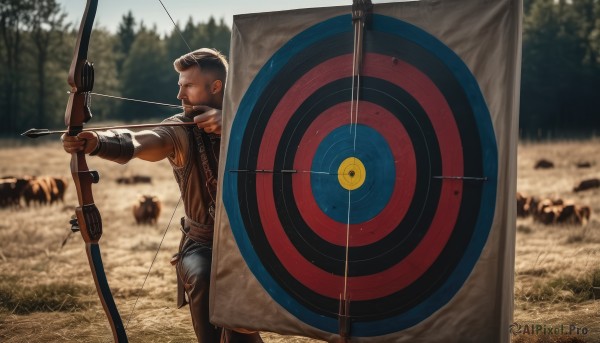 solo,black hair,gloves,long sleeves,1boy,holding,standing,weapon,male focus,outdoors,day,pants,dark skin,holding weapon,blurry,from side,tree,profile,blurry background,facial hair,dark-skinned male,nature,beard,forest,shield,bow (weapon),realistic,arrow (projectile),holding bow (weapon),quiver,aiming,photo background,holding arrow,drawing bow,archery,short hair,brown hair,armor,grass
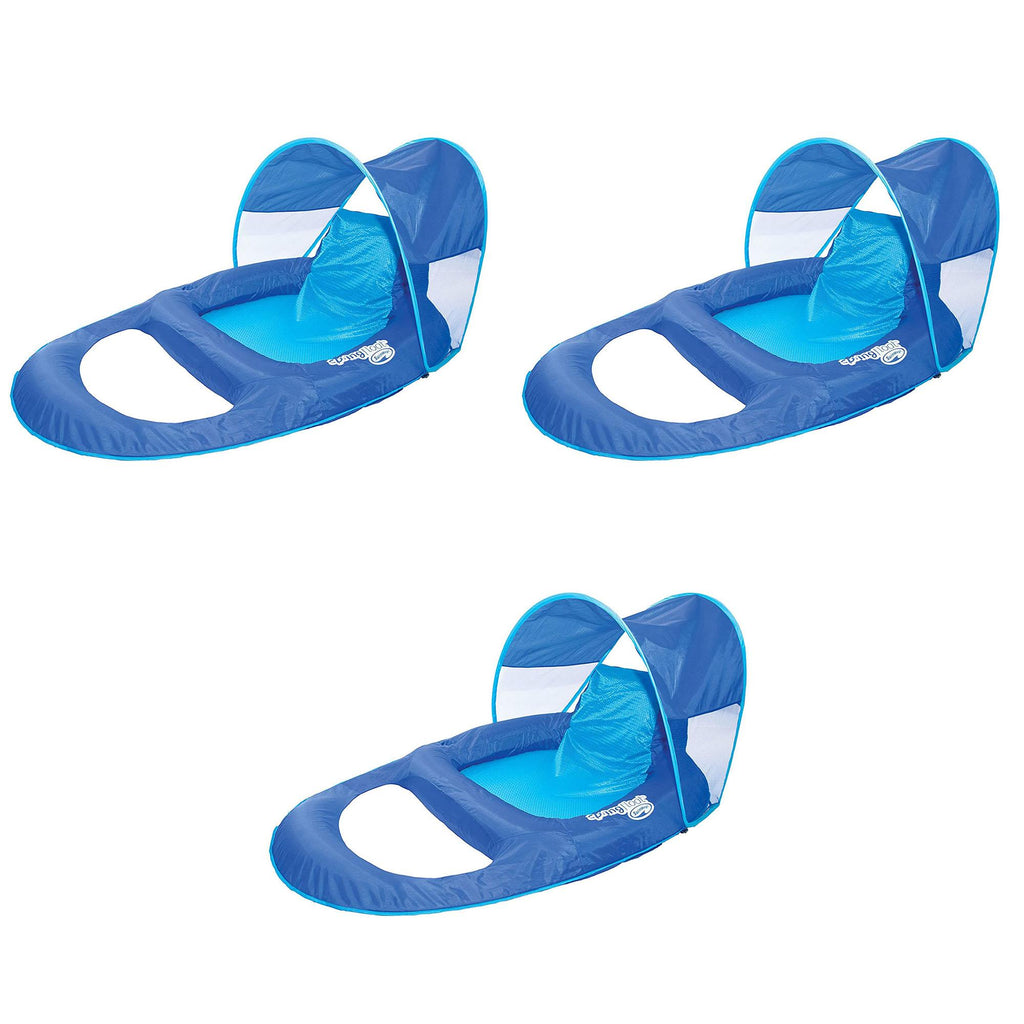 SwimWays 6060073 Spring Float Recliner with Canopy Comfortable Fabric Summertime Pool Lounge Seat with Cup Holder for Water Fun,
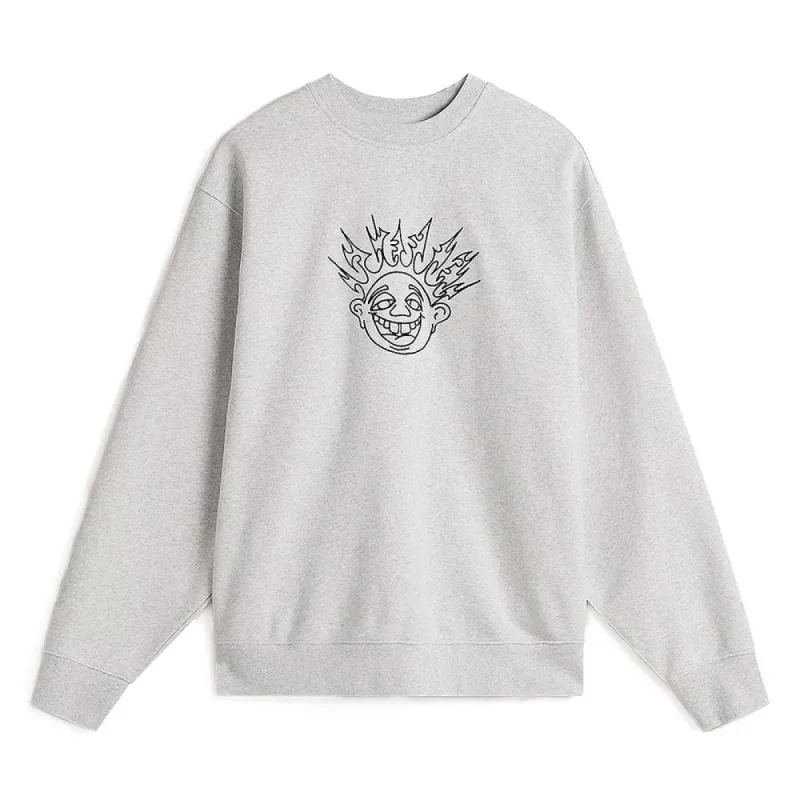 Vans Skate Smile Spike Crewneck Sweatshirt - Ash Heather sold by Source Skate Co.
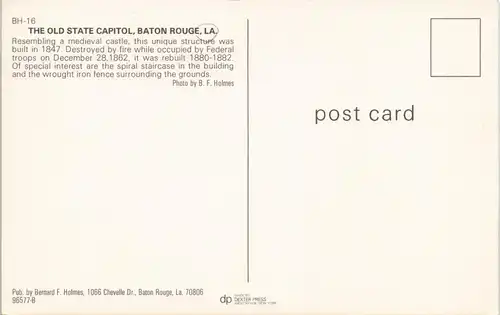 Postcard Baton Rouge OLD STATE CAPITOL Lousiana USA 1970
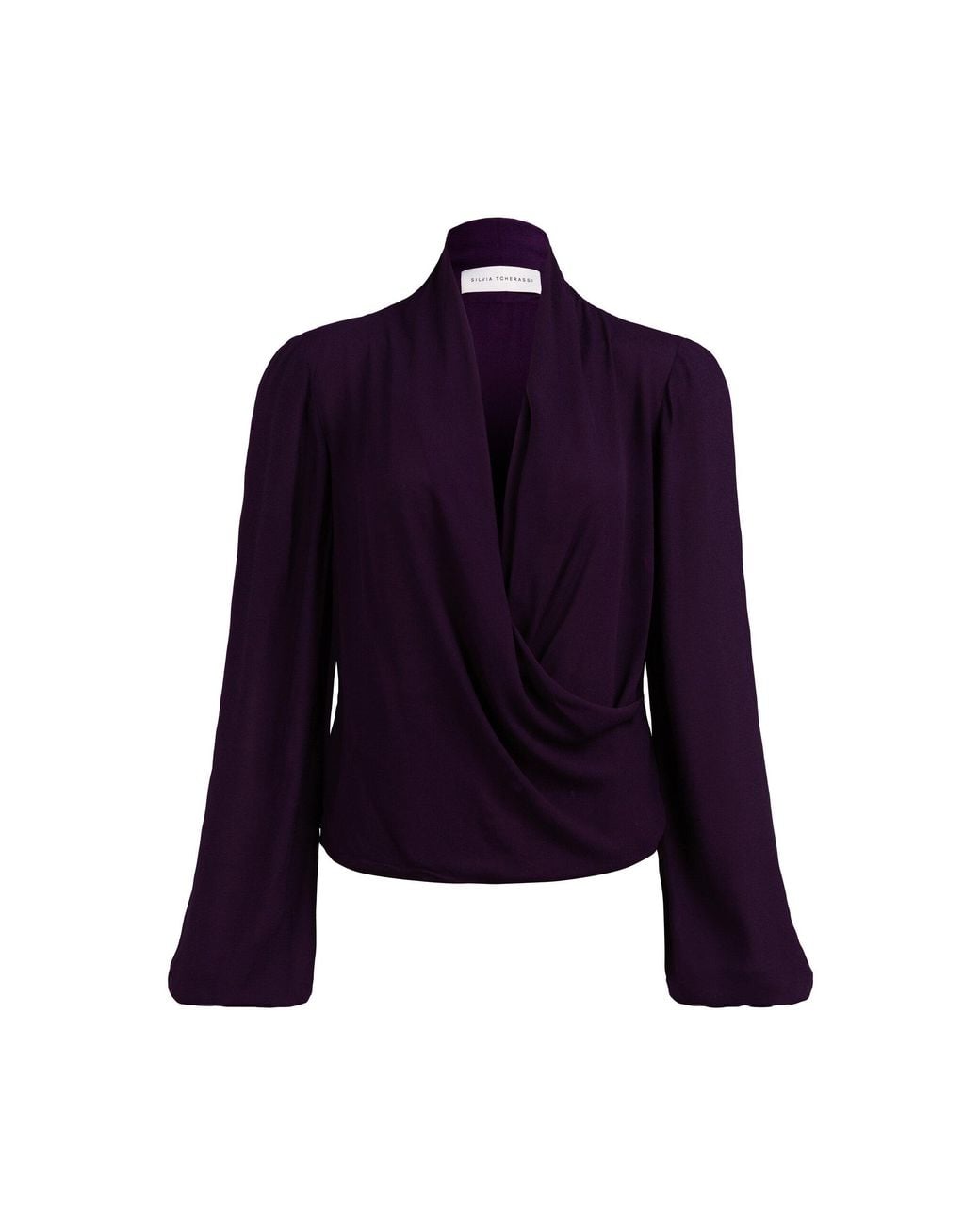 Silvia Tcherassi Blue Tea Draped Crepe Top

------------------------------------------------------------

[Work order]
Give back every record precisely as it stands, without the images.

[Problem solution]
 solo,black hair,gloves,long sleeves,1boy,holding,standing,weapon,male focus,outdoors,day,pants,dark skin,holding weapon,blurry,from side,tree,profile,blurry background,facial hair,dark-skinned male,nature,beard,forest,shield,bow (weapon),realistic,arrow (projectile),holding bow (weapon),quiver,aiming,photo background,holding arrow,drawing bow,archery,short hair,brown hair,armor,grass
 SwimWays 6060073 Spring Float Recliner with Canopy Comfortable Fabric Summertime Pool Lounge Seat with Cup Holder for Water Fun,
 Vans Skate Smile Spike Crewneck Sweatshirt - Ash Heather sold by Source Skate Co.
 Postcard Baton Rouge OLD STATE CAPITOL Lousiana USA 1970
 Silvia Tcherassi Blue Tea Draped Crepe Top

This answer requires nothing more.